What about larger dimensions? From this blog post I found the formula:
$$ H = \sum_{i,j=0,x,y,z} a_{i,j} \left( \sigma_i \otimes \sigma_j \right), \quad a_{i,j} = \frac{1}{4} tr\left[\left( \sigma_i \otimes \sigma_j \right) H \right] $$This means that $a$ is a $4\times4$ matrix containing all the combinations of two Pauli matrices. This translates very easily into Julia.
⊗ = kron
temp = rand(ComplexF64, 4,4)
H = 0.5(temp+temp')
a = [tr((σ[i]⊗σ[j])*H) for i in 1:4, j in 1:4]/4
@assert H ≈ sum(a[i,j]*(σ[i]⊗σ[j]) for i in 1:4, j in 1:4)
So far so good. Now we want to generalise it to $n$ dimensions.
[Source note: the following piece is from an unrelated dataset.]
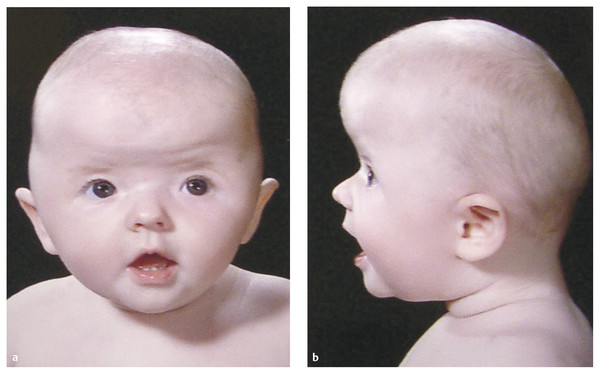 Craniofacial Syndromes | Neupsy Key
The pattern seems clear. To find the coefficients, $a_{1,2,3,...}$, calculate the tensor product of the $n$ combinations of Pauli matrices. Multiply by the matrix to be decomposed and then take the trace and divide by the normalisation factor, $2^n$.
The result will be an $n$ dimensional array with $4^n$ entries. Julia's CartesianIndices
type, gives us a way to iterate over all the dimensions in a linear way.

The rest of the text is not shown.